1

I have an use case where I want to update specific row, by any identifier/where clause conditions and update that record on Oracle or SQL Server from databricks.

As i use spark.read.format("jdbc") against any of the databases, I could not easily find a way to update specific rows back to these DBs.

If i use,

df.write.format("jdbc")
.option("url", dbServerJdbcUrl)
.option("user", username)
.option("secret", password)
.option("driver", <either com.microsoft.sqlserver.jdbc.SQLServerDriver or oracle.jdbc.driver.OracleDriver>)
.option("dbTable",<table on the database platform>)
.mode('overwrite') //or other options
.save()

it only overwrites the whole "dbTable" on the database. I could not find a way to have it work by using .option("query", "update statements") so far.

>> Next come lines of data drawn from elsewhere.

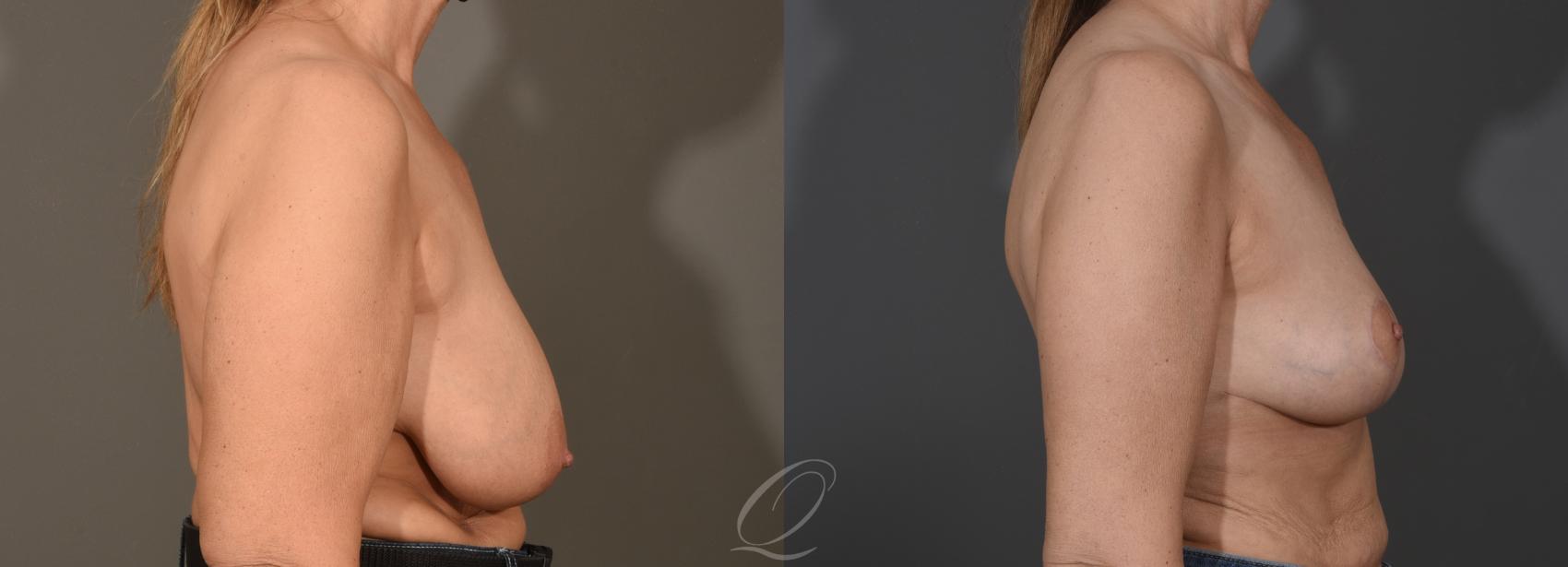 Breast Lift Case 1001602 Before & After Right Side | Serving Rochester, Syracuse & Buffalo, NY | Quatela Center for Plastic Surgery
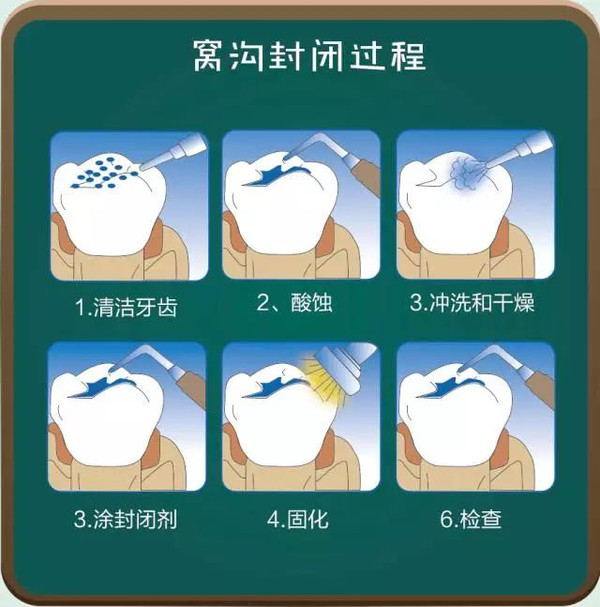 窩溝封閉的過程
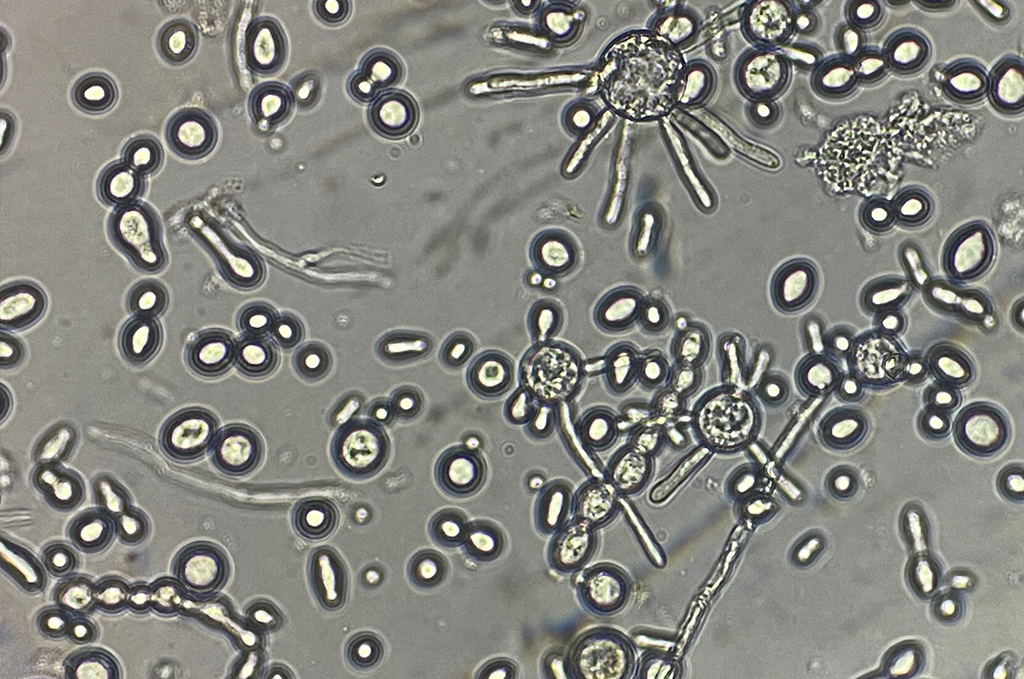 Life Cycle Plasticity and Genome Evolution in Basidiobolus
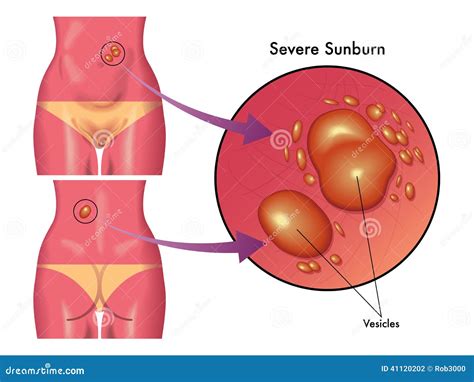 Severe sunburn stock vector. Illustration of papules - 41120202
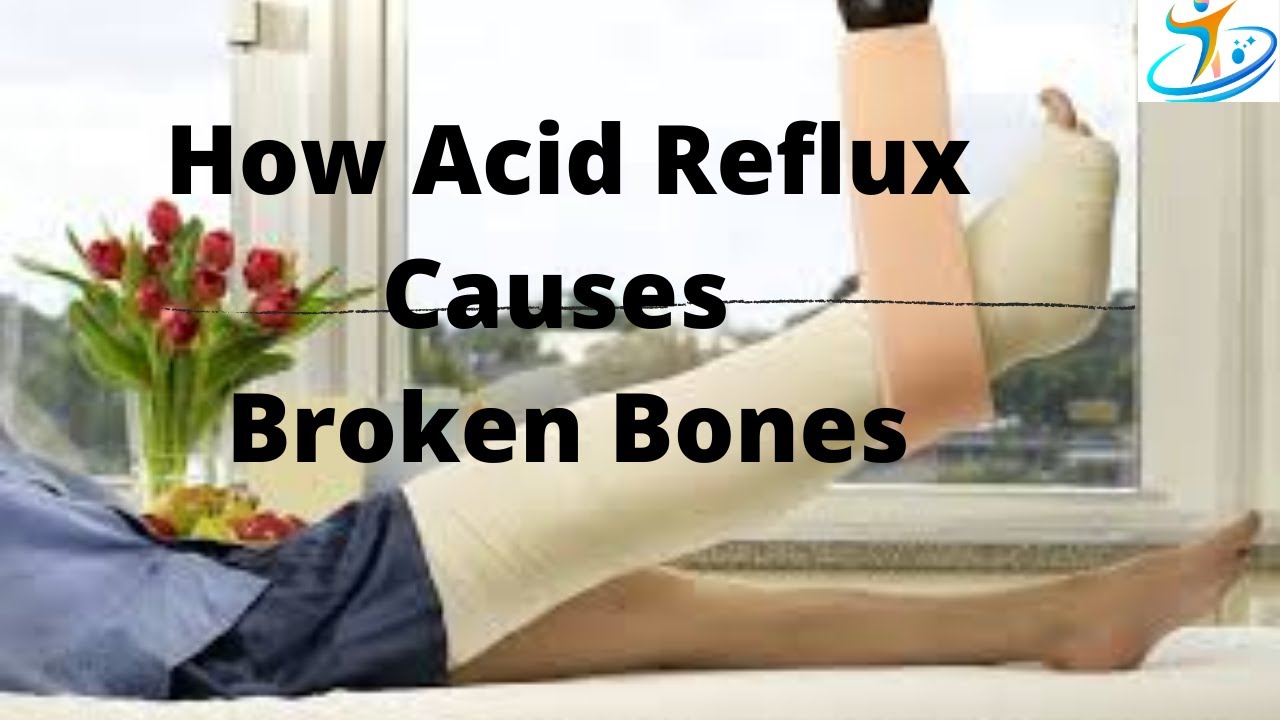 How Acid Reflux Causes Broken Bones YouTube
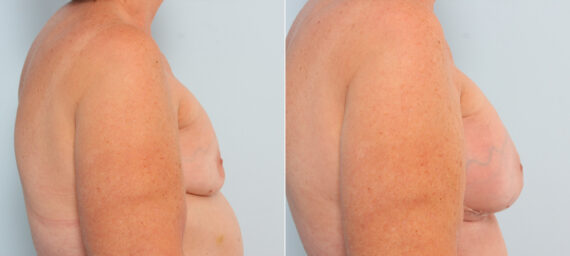 Breast Implant Exchange before and after photos in Houston, TX, Patient 27386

If i tend to write to another temp or parking table, then it becomes 2 stages of work, wherein, i have to go back to the Db platform and have the actual respective tables updated from the parking table.

Another note - when i do the above write, on a table which has millions of rows, and i only want to update handful of them, any of the modes are only just causing more trouble.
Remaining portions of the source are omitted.